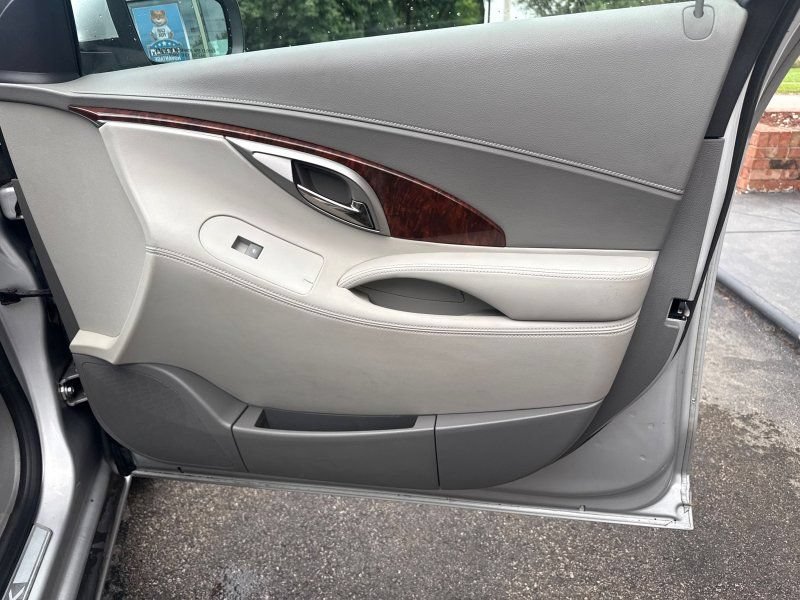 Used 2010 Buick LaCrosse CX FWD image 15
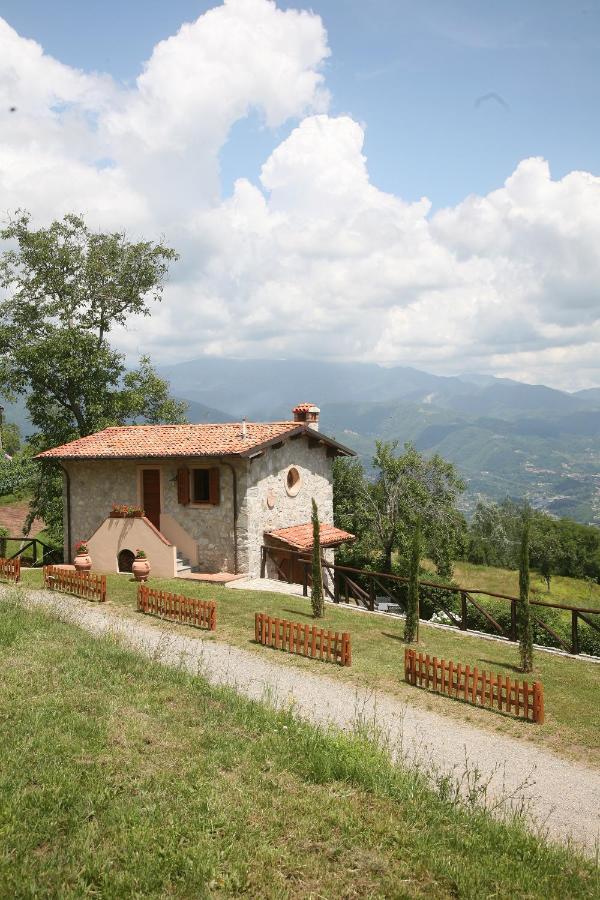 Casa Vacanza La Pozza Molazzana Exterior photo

---

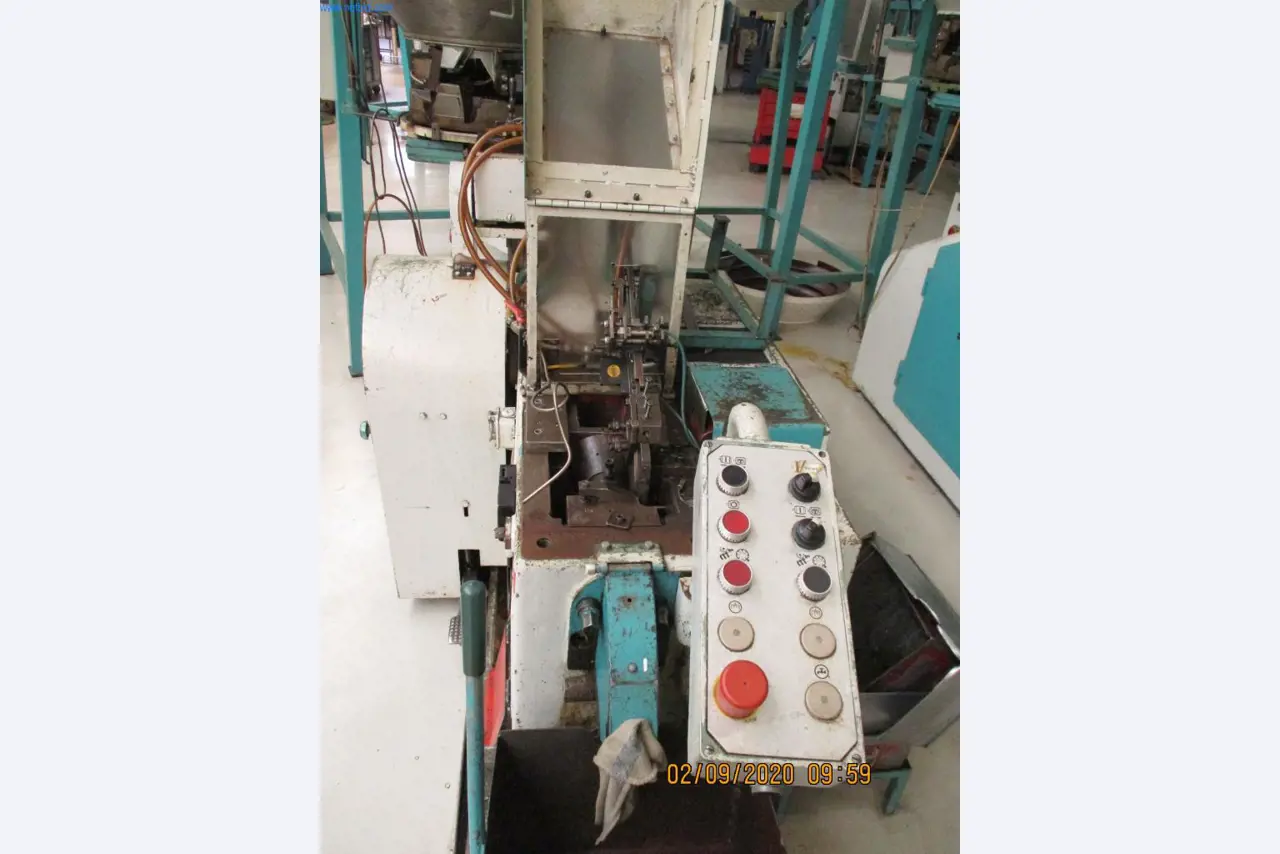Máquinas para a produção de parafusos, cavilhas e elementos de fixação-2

• Work required
Print, word for word, the lines above that run from the line containing "Used 2010 Buick LaCrosse CX FWD image 15" to the line containing "Casa Vacanza La", both included. Keep the pictures out.

• Task output
 Used 2010 Buick LaCrosse CX FWD image 15
 Casa Vacanza La Pozza Molazzana Exterior photo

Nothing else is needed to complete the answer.